Les chercheurs ont évalué la mémoire de travail (la capacité de garder des objectifs à l'esprit) et le contrôle inhibiteur (la capacité de résister à des choses que vous n'aviez pas prévu de faire); les deux sont importants pour les capacités d’apprentissage et le développement social des enfants.

À l'aide de tâches sur tablette, les chercheurs ont examiné quatre facteurs: la pauvreté des jeunes, les niveaux d'exposition aux traumatismes, le trouble de stress post-traumatique (SSPT) et l'insécurité. Ensuite, ils ont mené des analyses pour vérifier si ces facteurs prédisaient la performance des adolescents sur les tâches liées à la mémoire de travail et au contrôle inhibiteur.

L'étude a conclu que les réfugiés et les non-réfugiés ne différaient pas de manière significative dans leur mémoire de travail ou leur contrôle inhibiteur, ce qui suggère que l'exposition à un traumatisme lié à la guerre peut ne pas avoir d'impact durable sur la fonction exécutive. Cependant, les chercheurs ont constaté que la pauvreté aggravait la mémoire de travail des jeunes réfugiés.

L'étude reflète des résultats similaires sur les enfants américains vivant dans la pauvreté, pour lesquels l'exposition à la pauvreté et à la violence a des influences différentes sur les compétences des fonctions exécutives.

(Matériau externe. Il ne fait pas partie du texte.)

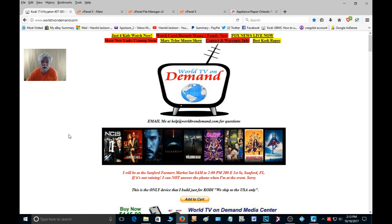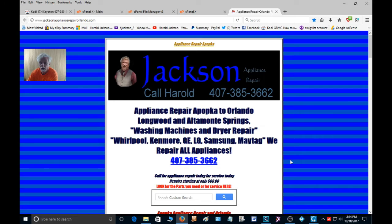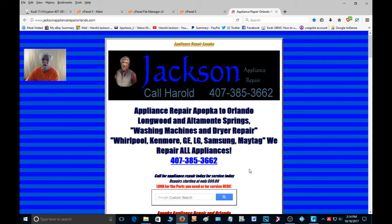Hey, hello everybody, this is Harold again with worldtvondemand.com, bringing you another little HTML code tip. We're going to go to a different web page. On this page you'll notice that this phone number has a line under it — that means it's a link, but it's not just a link.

Cette recherche est la première à tester les signatures cognitives des expositions de l'enfance aux traumatismes et à la pauvreté chez les jeunes réfugiés et non réfugiés. L'étude est limitée en s'appuyant sur quelques mesures pour évaluer les compétences cognitives, et en s'appuyant sur le rappel d'expositions à des traumatismes qui peuvent être biaisées par la mémoire et les expériences du SSPT. De plus, les jeunes réfugiés avaient quitté la Syrie depuis trois ans en moyenne, de sorte que les traumatismes de la guerre n'étaient pas récents.

«Dans les situations de crise, de nombreuses interventions sanitaires et humanitaires sont financées pour stimuler l'apprentissage social et émotionnel», explique Catherine Panter-Brick, professeur d'anthropologie, de santé et d'affaires mondiales à l'Université de Yale, qui a co-écrit l'article.

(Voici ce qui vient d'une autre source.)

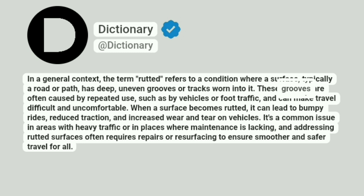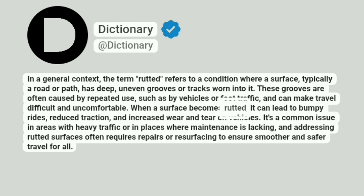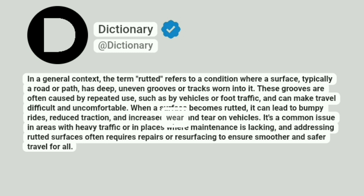These grooves are often caused by repeated use, such as by vehicles or foot traffic, and can make travel difficult and uncomfortable. When a surface becomes rutted, it can lead to bumpy rides, reduced traction, and increased wear and tear on vehicles.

«Notre étude signale la nécessité de s'attaquer à la pauvreté persistante que vivent les enfants et les adolescents touchés par la guerre, un problème qui peut sembler moins visible et urgent que les conséquences du stress ou des traumatismes liés à la guerre.»

«Nos résultats suggèrent que la pauvreté des ménages peut influencer la mémoire de travail et, par extension, les résultats d'apprentissage, la réussite scolaire et la participation au marché du travail.»